Updated by Peter Amstutz over 7 years ago
Nico César wrote:
Does this status.json queries the API server to get the information on the "arvados" key? or is something that is already stored in node manager?
It is already stored in node manager.
we've talked about having 2 URLS (/status.json and /status-full.json) https://dev.arvados.org/projects/ops/wiki/Status_URL_for_all_services#Improvements
That makes sense.
The idea behind that is to have minimum impact on the service for a periodic status retrieve ( every second or few second for example, and also save storage on the kibana side )
For node manager, generating status.json is just turning cached dict into a json string, it doesn't wait for any other parts of the programs.
maybe per node detail isn't needed in the status.json.

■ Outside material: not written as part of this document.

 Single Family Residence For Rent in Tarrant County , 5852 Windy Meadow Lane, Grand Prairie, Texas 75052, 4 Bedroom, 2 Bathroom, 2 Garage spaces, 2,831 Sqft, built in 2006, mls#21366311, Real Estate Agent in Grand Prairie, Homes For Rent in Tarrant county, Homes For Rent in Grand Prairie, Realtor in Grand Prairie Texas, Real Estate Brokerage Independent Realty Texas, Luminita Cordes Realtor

Ok. However I think we do want these new fields in status.json: "status", "timestamp", "servicetype", "version", "nodes_max" and "nodes_quota".

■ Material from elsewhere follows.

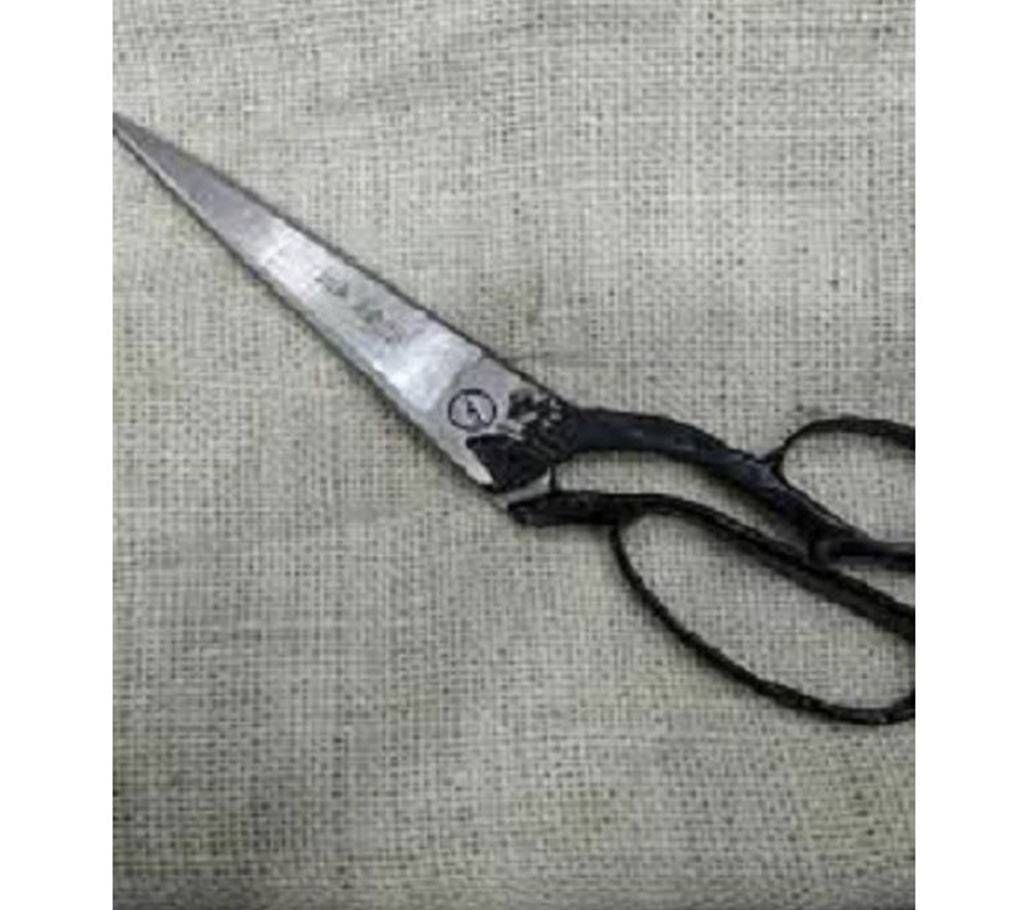 tailor Shely scissors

Updated by Nico César over 7 years ago
I'm looking at 1227ea2b5795e34a75c62cb9eae91d46ef7cfb6a
Once thinkg I notice is that we set updates['status'] = "OK", but if anything goes wrong we don't have a "ERROR" or "WARNING" that we can monitor. (of course stack traces end up in the log, but I'm talking about monitoring not about post-mortem)
So one option is to add more try:...except blocks and reflect that there is something with the creation of the status page (WARNING) or a major error that we should address (ERROR).

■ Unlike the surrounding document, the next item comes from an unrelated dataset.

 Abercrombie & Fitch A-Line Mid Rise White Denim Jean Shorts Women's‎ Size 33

Any fatal() or warning() should be updating this on the status page too.
Adding a started_at with the GMT time when the daemon was started is a good thing
(added this to the doc)
Updated by Peter Amstutz over 7 years ago
- Target version changed from 2017-06-21 sprint to Arvados Future Sprints
Updated by Tom Morris over 6 years ago
- Status changed from In Progress to Rejected
Updated by Tom Morris over 6 years ago
- Target version deleted (
Arvados Future Sprints)